Dialog Box

Why is ovarian cancer research important to our community?

With little progress having been made in the last 45 years to prevent, detect and treat ovarian cancer and a five-year survival rate of 46% – the current statistics of ovarian cancer will tell you the quantitative reasons as to why funding ovarian cancer research is so critical; however, they won’t tell you the qualitative. 

We reached out to our OCRF community via Instagram to understand why ovarian cancer research is so important to them. 

Here are some of their responses:

Why is ovarian cancer research important to you?

“Because survival rates are unfairly low and can feel hopeless.” 


“My mother died of O.C. without any symptoms until it was too late.”  


“I have breast cancer – early detection via free screening found it.” 


“I lost my wonderful friend to ovarian cancer.” 


“Because at 30, I had my ovaries removed & 22 years later my mother-in-law died from OC.” 
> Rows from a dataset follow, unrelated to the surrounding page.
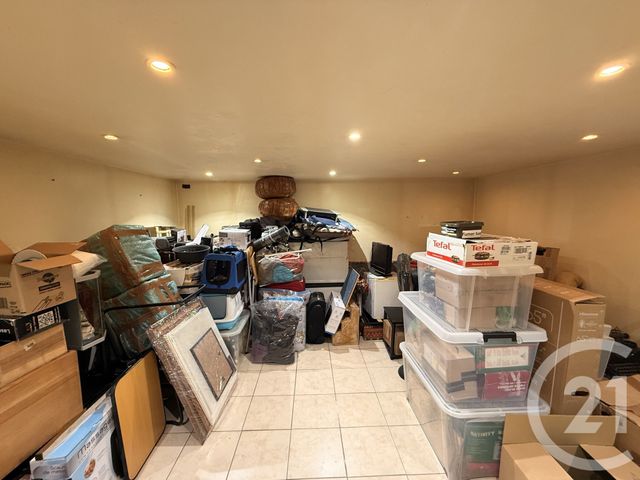 Maison &agrave; vendre - 6 pi&egrave;ces - 142 m2 - St Brice Sous Foret - 95 - ILE-DE-FRANCE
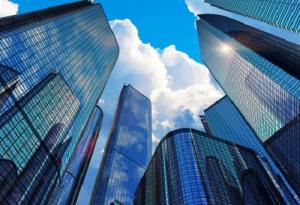 Khám phá giấc mơ về tòa cao ốc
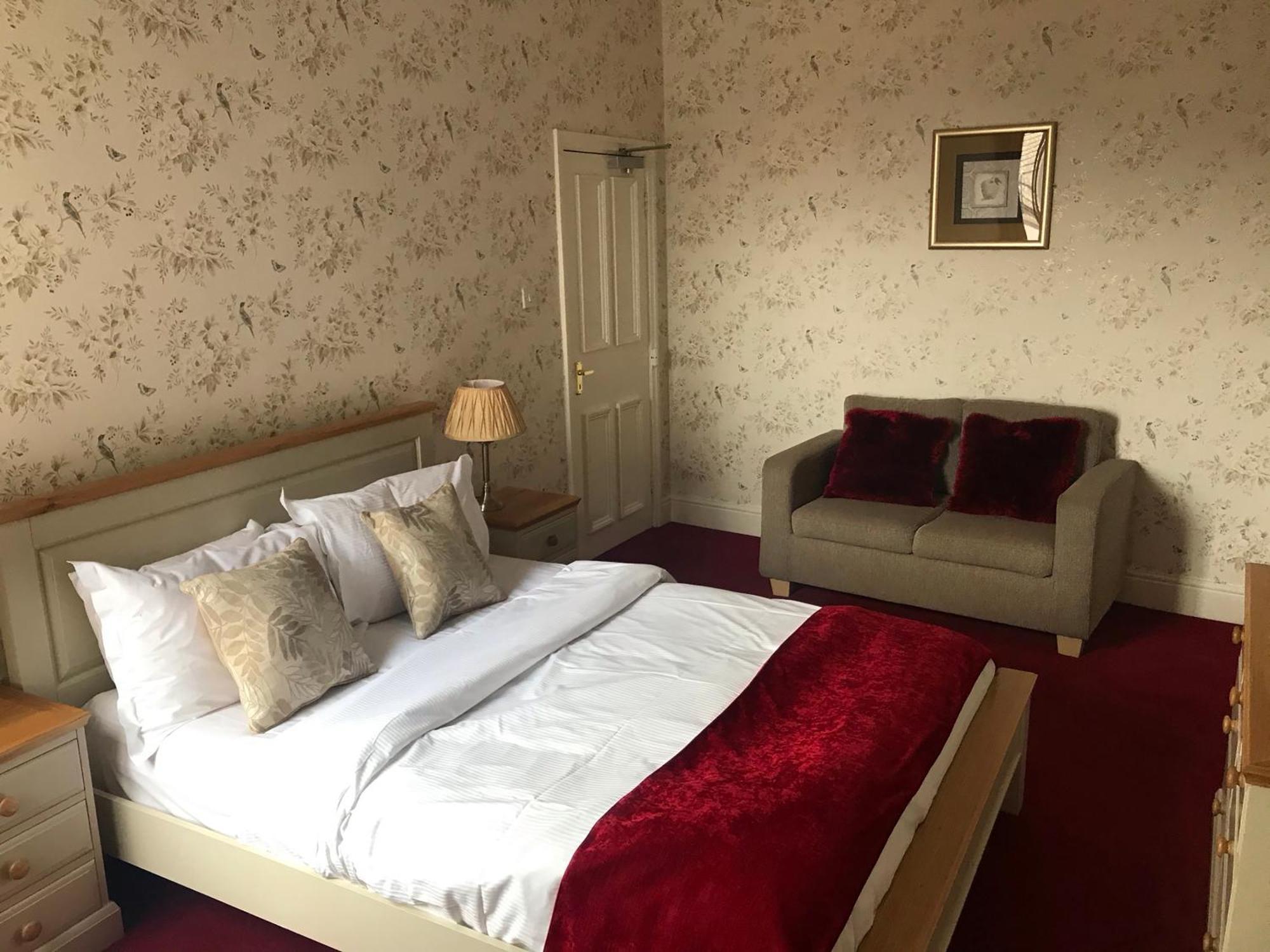 Superior King Room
“My mum passed away from this horrible cancer 16yrs ago at the young age of 63.” 


“Because I’m still grieving my Nan. She died of this at 69 in October 2018. We still miss her.” 


“My mum died at 65, four months after diagnosis.” 


“Because I was diagnosed with a rare type and the lack of info out there is shocking.” 


“Because there should always be hope… just like all the ‘other’ cancers…” 


“Because being diagnosed at age 30 with a cancer that has a 46% 5-year survival rate is terrifying and unfair.” 


Improvements in survival rates for women with breast cancer – now at 91%, came from research, early detection tests, public campaigns and advocacy. It’s now ovarian cancers turn.  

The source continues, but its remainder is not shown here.